A note on the absence of ?: ternary
Kotlin reserves ?: for the Elvis operator (null-coalescing). The conventional substitute for ternary:
// Other languages:
// val max = a > b ? a : b
// Kotlin:
val max = if (a > b) a else b
The mechanism admits substantial conciseness; the if-as-expression form is the conventional Kotlin idiom.
A note on the conventional discipline
The contemporary Kotlin conditional advice:
- Use
if/elsefor boolean dispatch. - Use
ifas expression — the conventional ternary substitute. - Use
whenfor multi-way value dispatch. - Use
?:(Elvis) for nullable defaults. - Use smart casts — let the compiler narrow.
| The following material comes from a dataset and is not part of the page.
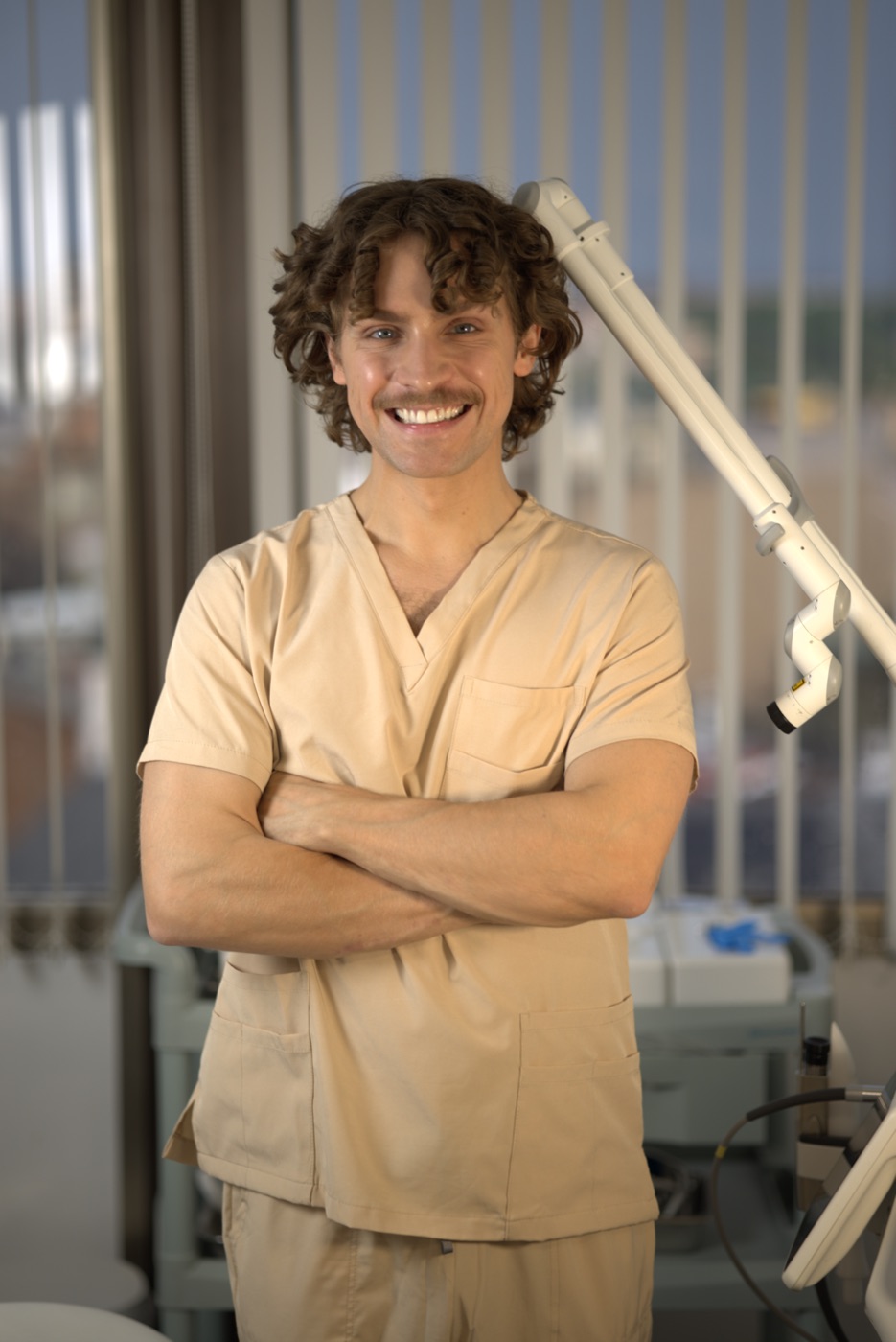 Dr. Miron Borisov — médico colegiado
- Use early returns for precondition validation.
- Use parentheses around conditions (required).
- Use braces for multi-statement bodies — conventional discipline.
- Avoid the temptation to write IIFE for substantial expressions — the
if/whenexpressions admit substantial conciseness. - Use
tryas expression for fallible operations admitting a default.
The combination — if/else with strict-Boolean conditions, the expression-form admitting value-returning conditionals, smart casts in conditionals, the substantial when for multi-way dispatch, the ?: Elvis for nullable defaults — is the substance of Kotlin’s selection surface. The discipline produces clear, type-safe, expressive conditional code with substantial conciseness.